VINE Marks 10 Years in Nebraska


Location: Unknown

By Governor Dave Heineman

Dear Fellow Nebraskans:

Ten years ago this week, a new service launched in Nebraska aimed at providing peace of mind for the victims of violent crime. Launched in 1999, VINE, which stands for Victim Information and Notification Everyday, alerts Nebraskans to changes in an offender's custody status 24 hours a day, via telephone or email.

Coordinated by the Nebraska Crime Commission, VINE provides the around-the-clock status of offenders held in a Nebraska Department of Correctional Services facility and county jails throughout the state. The service is free, anonymous and available to crime victims and any concerned citizen.

In the aftermath of a crime, knowing the offender's whereabouts can be a valuable way to reassure victims as part of their recovery. VINE helps empower victims by giving them important safety information in a fast and convenient way.

During the past decade, use of this technology-based application has been widely adopted across the country. When Nebraska's VINE program was implemented in 1999, less than 10 states offered this automated service. Today at least 2,300 communities in 46 states offer victim notification services.
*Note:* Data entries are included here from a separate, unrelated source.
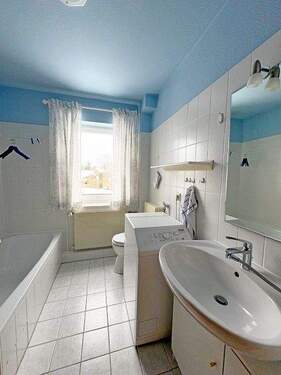 Bad mit Wanne und Dusche - 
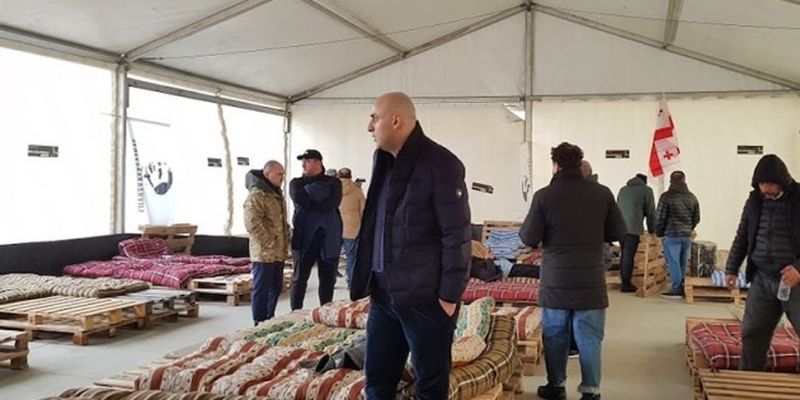В Грузии сторонники Саакашвили прекратили голодовку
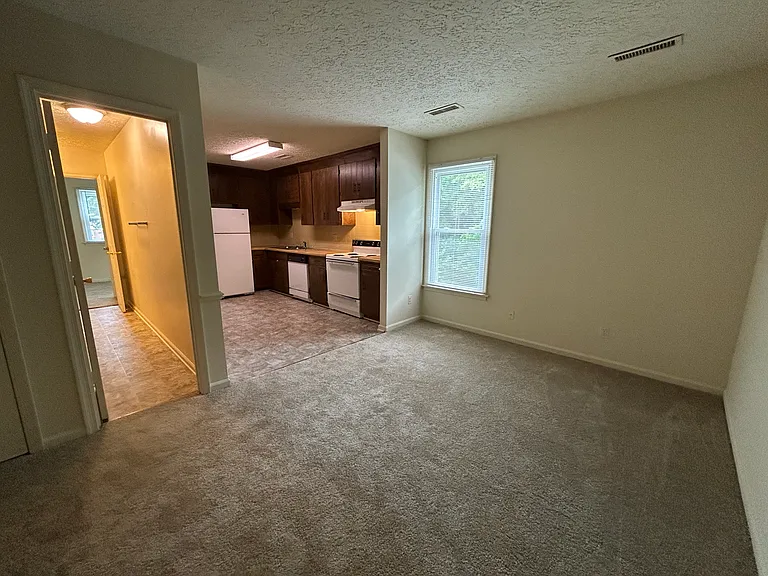 Beechwood Apartments — Photo 15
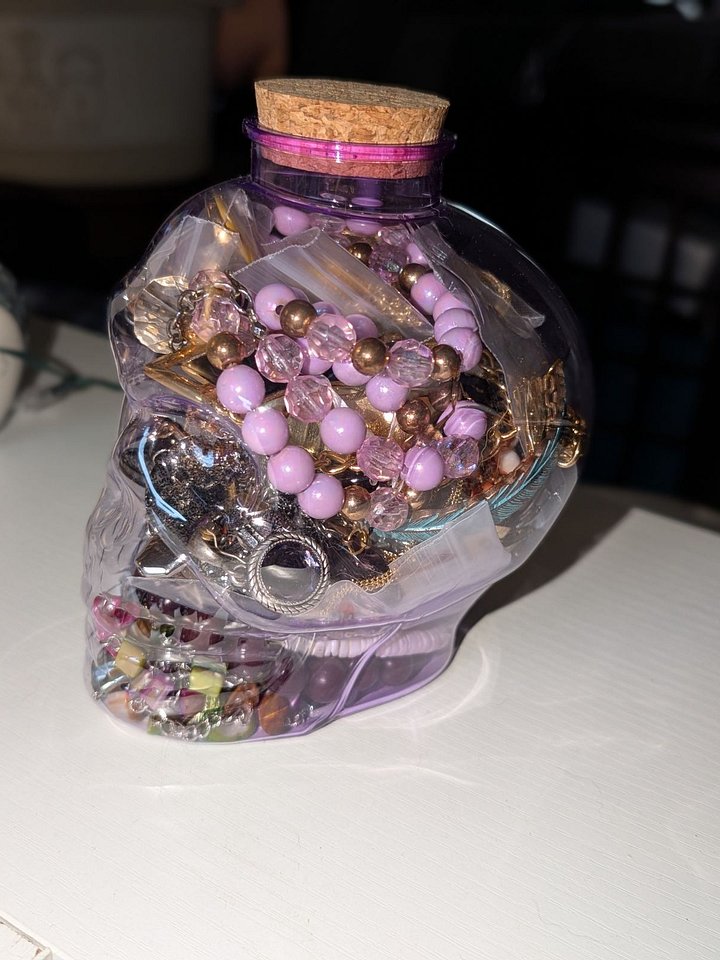 Spooky Mystery Skull! product image (2)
Callers to the VINE hotline can talk with operators available 24 hours a day to help new users register, locate an offender or access local victim services. Updates are provided in English and Spanish, with a recent addition of Vietnamese. The menu of VINE's online and electronic services has expanded as well.

Users can register to receive status updates via email. In addition to registering to be notified in the event of an offender's release, death, transfer, escape and return to custody after an escape, more specific information is available on Nebraska inmates. It ranges from a pardon or commutation of a sentence, to temporary releases such as furloughs, work release or volunteering with a community program, cancellation of scheduled release, 30-day advance notice of an upcoming parole hearing and any cancellations, as well as the results of parole hearings.

In 2008, there were 4,773 registration requests and an update on inmate status was requested more than 23,000 times in Nebraska. These are requests that otherwise would have gone to jails and county attorneys across the state.

VINE is one example of the many ways state government can provide a valuable service that benefits citizens, while also ensuring better efficiency for our partners at the local and county level.

Victims and other concerned citizens can access the service by calling toll free to (877) 634-8463, or by logging onto the VINE website, available at and entering the offender's name or identification number.

Each of the thousands of notifications made each year is a person who feels safer because they know the status of a perpetrator. Knowledge is power, and for the victims of crime in Nebraska it provides security and peace of mind.

I want to thank the Nebraska Crime Commission and our many partners in law enforcement and criminal justice systems who are part of the coalition of agencies supporting this worthwhile program.